Question

A researcher compares two compounds (1 and 2) used in the manufacture of car tires that are designed to reduce braking distances for SUVs equipped with the tires. SUVs equipped with tires using compound 1 have a mean braking distance of 62 feet and a standard deviation of 10.5 feet. SUVs equipped with tires using compound 2 have a mean braking distance of 66 feet and a standard deviation of 12.0 feet. Suppose that a sample of 86 braking tests are performed for each compound. Using these results, test the claim that the braking distance for SUVs equipped with tires using compound 1 is shorter than the braking distance when compound 2 is used. Let μ1 be the true mean braking distance corresponding to compound 1 and μ2 be the true mean braking distance corresponding to compound 2. Use the 0.05 level of significance.

Answer 1

`t=\frac{62-66}{\sqrt{(10.5^2)/(86)+(12^2)/(86)}}}=-2.326`

`p_v =P(t_(170)<-2.326)=0.0106`

Comparing the p value with the significance level given
`\alpha=0.05` we see that
`p_v<\alpha` so we can conclude that we can reject the null hypothesis, so the mean for the compound 1 is significantly less than the mean for the compound 2.

Explanation:

Data given and notation

`\bar X_(1)=62` represent the mean for the compound 1

`\bar X_(2)=66` represent the mean for the compound 2

`s_(1)=10.5` represent the sample standard deviation for compound 1

`s_(2)=12` represent the sample standard deviation for compund 2

`n_(1)=86` sample size for the group compound 1

`n_(2)=86` sample size for the group compound 2

t would represent the statistic (variable of interest)
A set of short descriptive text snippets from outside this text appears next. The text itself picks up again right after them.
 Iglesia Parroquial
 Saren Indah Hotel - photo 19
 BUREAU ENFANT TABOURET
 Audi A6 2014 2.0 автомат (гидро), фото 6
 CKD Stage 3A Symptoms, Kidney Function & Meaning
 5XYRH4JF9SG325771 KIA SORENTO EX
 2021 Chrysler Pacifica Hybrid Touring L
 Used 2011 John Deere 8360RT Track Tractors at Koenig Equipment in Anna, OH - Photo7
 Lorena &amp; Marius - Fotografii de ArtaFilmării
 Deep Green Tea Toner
`\alpha=0.05` significance level provided

Develop the null and alternative hypotheses for this study?

We need to conduct a hypothesis in order to check if the means for compound 1 is less than the mean for compound 2, the system of hypothesis would be:

Null hypothesis:
`\mu_(1)\geq\mu_(2)`

Alternative hypothesis:
`\mu_(1) < \mu_(2)`

Since we don't know the population deviations for each group, for this case is better apply a t test to compare means, and the statistic is given by:

`t=\frac{\bar X_(1)-\bar X_(2)}{\sqrt{(s^2_(1))/(n_(1))+(s^2_(2))/(n_(2))}}` (1)

t-test: Is used to compare group means. Is one of the most common tests and is used to determine whether the means of two groups are equal to each other.
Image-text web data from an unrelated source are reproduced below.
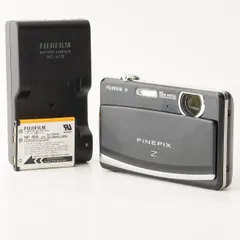 フジ Fujifilm FinePix Z90 ブラック 5x 光学ズームのサムネイル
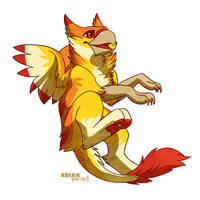 Firegryphon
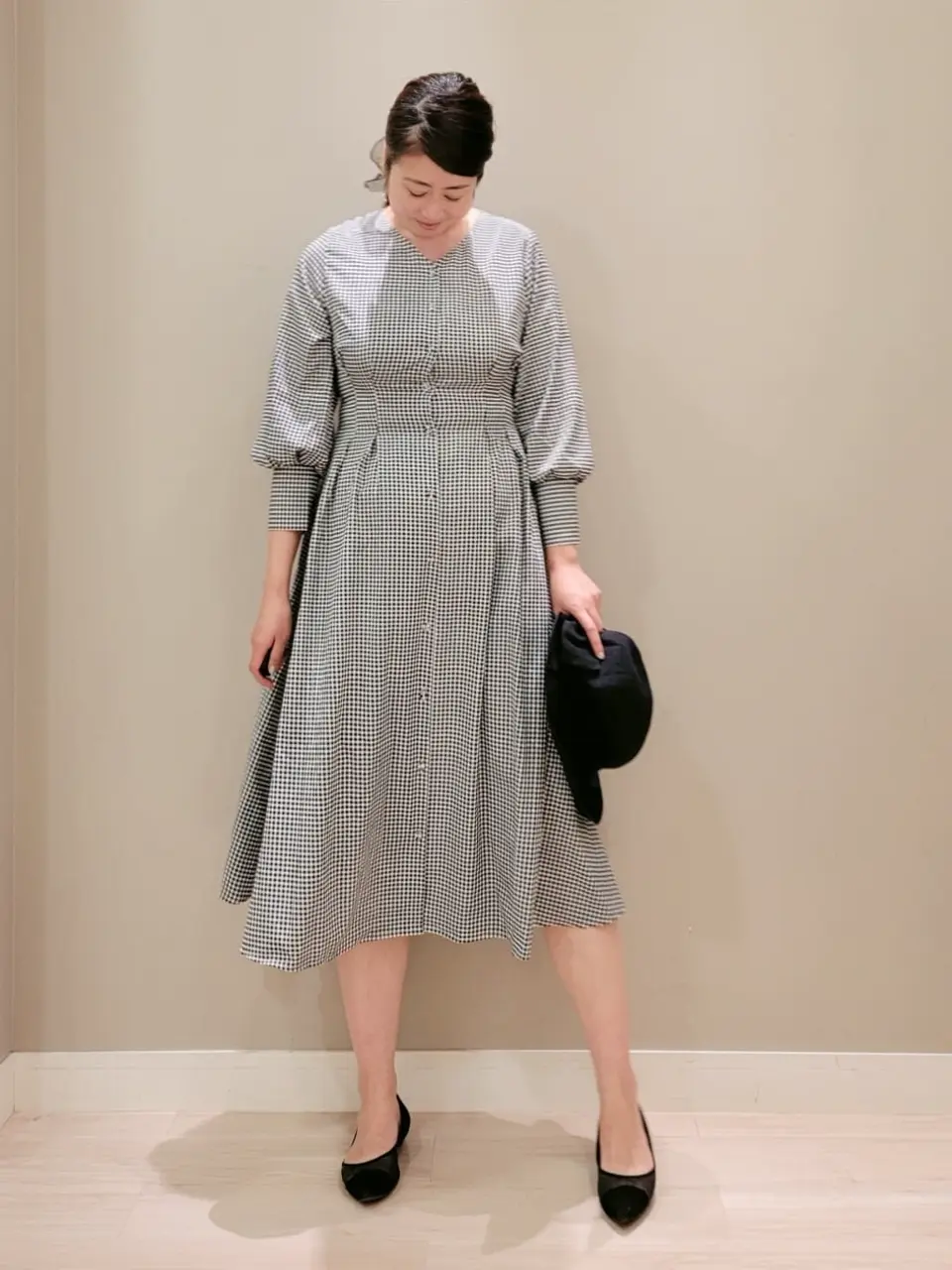 ANY SIS 西村 コーディネート画像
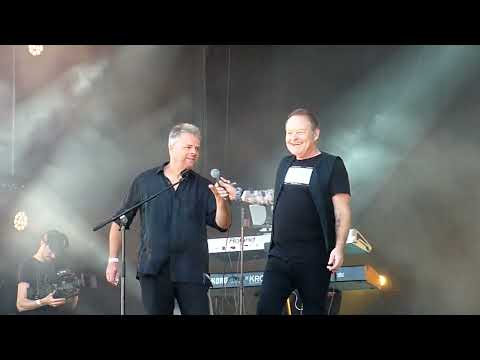 Cutting Crew - (I Just) Died In Your Arms (W-Festival 2022)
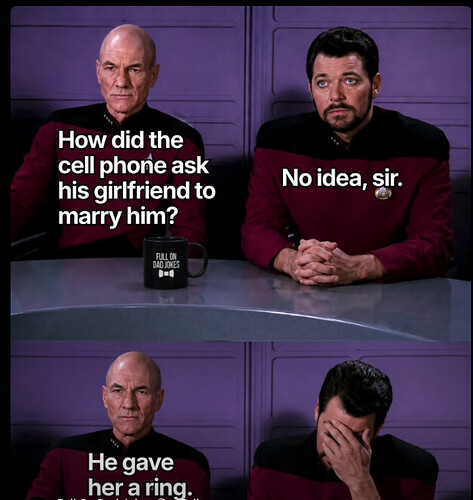 star trek ring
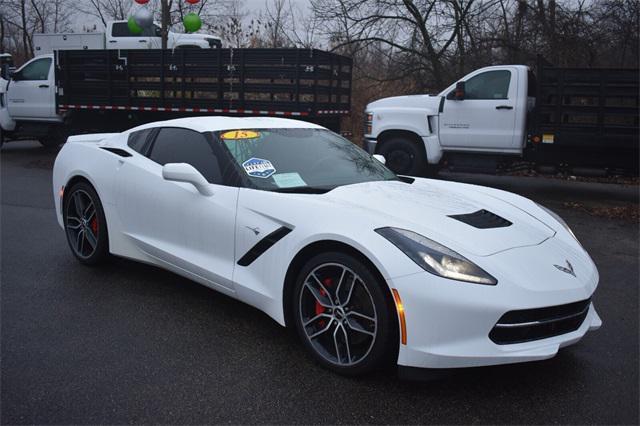 used 2015 Chevrolet Corvette car, priced at $44,687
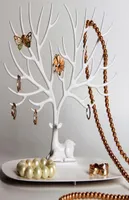 My Little Deer Tray Jewelry Accessoires Collier Collier Ring de boucle d'oreille Montres Organisateur Bijoux Display Stand Decorations de mariage F2551475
Determine the critical value(s).

Based on the significance level
`\alpha=0.05`, we can find the critical values with the t distribution with 86+86-2=170 degrees of freedom, we are looking for values that accumulates 0.05 of the left tail of the distirbution.

For this case the value is
`t_(\alpha)=-1.653`

Calculate the value of the test statistic for this hypothesis testing.

Since we have all the values we can replace in formula (1) like this:

`t=\frac{62-66}{\sqrt{(10.5^2)/(86)+(12^2)/(86)}}}=-2.326`

What is the p-value for this hypothesis test?

Since is a left tailed test the p value would be:

`p_v =P(t_(170)<-2.326)=0.0106`

Based on the p-value, what is your conclusion?

Comparing the p value with the significance level given
`\alpha=0.05` we see that
`p_v<\alpha` so we can conclude that we can reject the null hypothesis, so the mean for the compound 1 is significantly less than the mean for the compound 2.